Re: When to use PARTITION BY HASH?

David Rowley <dgrowleyml@xxxxxxxxx> · Tue, 9 Jun 2020 09:25:12 +1200

On Tue, 9 Jun 2020 at 01:07, Ron <ronljohnsonjr@xxxxxxxxx> wrote:
>
> On 6/8/20 3:40 AM, Oleksandr Shulgin wrote:
> [snip]
>
> I've found the original commit adding this feature in version 11: https://git.postgresql.org/gitweb/?p=postgresql.git;a=commit;h=1aba8e651ac3e37e1d2d875842de1e0ed22a651e
> It says:
>
> "Hash partitioning is useful when you want to partition a growing data
> set evenly.  This can be useful to keep table sizes reasonable, which
> makes maintenance operations such as VACUUM faster, or to enable
> partition-wise join."
>
>
> How does hashed (meaning "randomly?) distribution of records make partition-wise joins more efficient?

Hash partitioning certainly does not mean putting the tuple in some
random partition. It means putting the tuple in the partition with the
correct remainder value after dividing the hash value by the largest
partition modulus.

> Or -- since I interpret that as having to do with "locality of data" -- am I misunderstanding the meaning of "partition-wise joins"?
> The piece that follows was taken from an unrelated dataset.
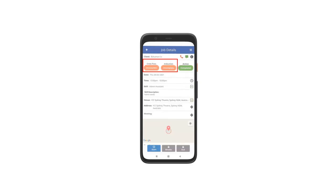In Job Details page, if the induction file is required to be uploaded, the induction will show as incomplete. Tap Incomplete under Induction to complete the requirement.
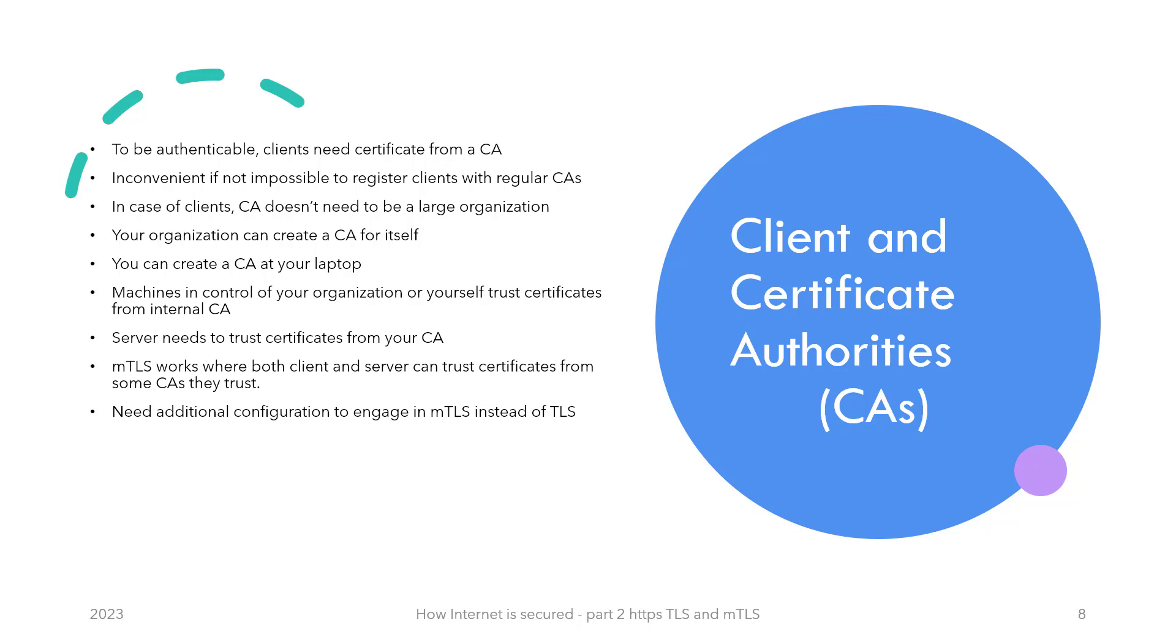But for servers or microservices communicating within an organization, the organization can itself take the role of certificate authority. It can even come down to your home where you have a laptop acting as a server for monitoring temperature in each of your rooms via individual sensors. You can create a certificate authority on your laptop and start issuing root certificates from that certificate authority. You own the devices; they would trust the CA you tell them to trust, even if you created them at home.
If it was not a partitioned table before then partition-wise joins
wouldn't be possible.  Having partition-wise joins could make joining
two identically partitioned tables faster. We need only look in the
corresponding partition on the other side of the join for join
partners for each tuple. For hash joins, hash tables can be smaller,
which can mean not having to batch, and possibly having the hash table
fit better into a CPU cache. For merge joins, sorts, having the data
partially pre-sorted in chunks means fewer operations for qsort which
can result in speedups.

David